This assignment provides an opportunity for you to demonstrate how you can use what you have learned from lectures and tutorials to develop computer vision algorithms for real world application problems. For a successful completion of this assignment, you need to understand the fundamental algorithms covered in the lectures, conduct some research into the machine perception problem to design suitable features and classification methods, and use the skills that you have developed through completing practical exercises to build essential components of a computer vision algorithm.
External codes are allowed to be used in your assignment, but the sources must be cited in both your written report and your source codes. Feel free to use the work you have done in your practical exercises.
A substantial attempt for this assignment is required to pass this unit. A mark of 20% or more is considered a substantial attempt. This means you will not pass this unit if your total mark of this assignment is lower than 20%, even if you achieve full marks in your mid-semester test and final exam.
In this assignment, you will develop two computer vision programs: one for the detection and digit extraction of the building signages (for an example see Figure 1) and the other for coral image classification (for an example see Figure 2). A typical machine perception approach to solving the first problem would consist of at least the following
- Read an input image.
- Perform necessary image-processing operations.

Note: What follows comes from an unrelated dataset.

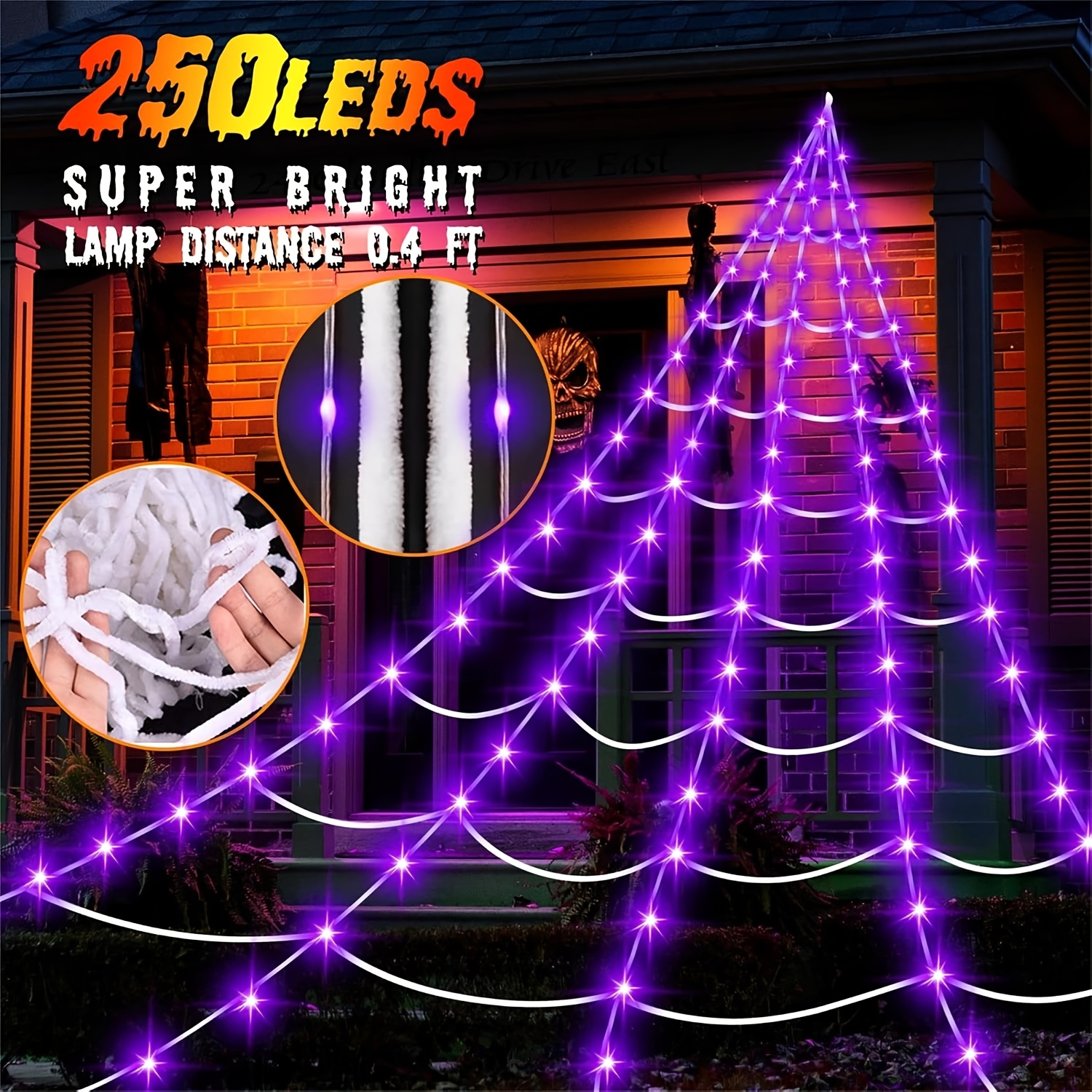 TEMU Halloween Decorations Outdoor, 250led 23x18ft Giant Web With Purple Lights, Lighted Triangular Black Web With Sturdy Wire,, Timer, 8 For Yard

- Detect and localize the building signage.
- Segment the numbers into individual digits.
For the second task, the machine perception approach would include
- Read an input image.
- Preprocess the image.
- Learn or Extract image features.
- Select a suitable classification method to classify the image into positive or negative categories with proper model selection
You will implement a suitable machine perception pipeline to perform the above steps by writing Jupyter notebook programs. Your implementation is primarily evaluated in terms of the two following tasks:
- Task 1: Building signage detection and extraction.
- Task 2: Coral image classification.
It is expected that you will make use of the computer vision algorithms discussed in the lectures and the skills acquired through doing practical exercises to complete the required tasks. You will also need to conduct your own research to understand different approaches to solving each task and decide your own choice of implementation and/or invention according to the specific settings of this assignment.
3 The Tasks
3.1 Task 1: Building signage detection and digit extraction (50 marks)
Develop a program that reads in colour images from a specified directory. For each image, detect the building number area and extract the digits, and finally output the images with bounding boxes for the building number area and for the individual digits. Your program is considered working if
- The detected areas meet the following criteria
– It must be a rectangle shape not exceeding the maximum allowable size, which is specified as follows
∗ The IoU (i.e., intersection over unions) is above 50%.
– It must contain all the digits of the building number.
- It must extract all three digits.
An illustrative example for building number detection and digit extraction is provided in Figure 1.
Note that in this task, each test image will contain only one building number. Thus, your program must not report more than one detected area. Otherwise, it will be considered a failed detection.
3.2 Task 2: Coral image classification (50 marks)
In this task, you will develop machine learning programs to train and test image classification algorithms to separate coral images from non-coral images. You can use traditional machine learning methods (e.g.nearest neighbor methods, support vector machine) or modern deep learning methods. However, you are required to use at least two different methods and compare their performances. Also, you are required to implement proper model selection methods to select hyper-parameters in training the models.
3.3. Training Data
The training images are provided. The testing images will be provided a week before the due date
- Specifications and Marking Guide
4.1 Report: 50%
A written report must be submitted, in PDF format, to Blackboard by the due date. This submission must contain
- A completed assignment cover sheet
- Printout of your source code
- A document that includes:
– Statements on how much you have attempted the assignment.
– The detail of your implementation for each task: this must clearly indicate your approach, and how the features you extract, the methods you use for model selection. It must allow the marker to understand how you approach the machine learning tasks. If a validation dataset is not available, you are expected to split the training dataset into two subsets: one for training and the other for model selection.
– The performance of your program on the testing dataset.
– Supporting diagrams, figures, tables that help describe your programs and performance clearly.
– References that your implementation is based on or inspired from.
Your report will be marked based on: 1) the clarity and presentation (20%); 2) the description of your implementation and the judgements of your design (40%); and 3) experimental results on the validation data and testing data, and discussions (40%).
4.2 Implementation: 50%
Your implementation will be marked based on the quality of your code (30%) and whether your Jupyter Notebook programs work in Google Colab or the d2l package provided by the textbook and produce reasonable performance (70%). Your codes are expected to be well written with comments and good structures.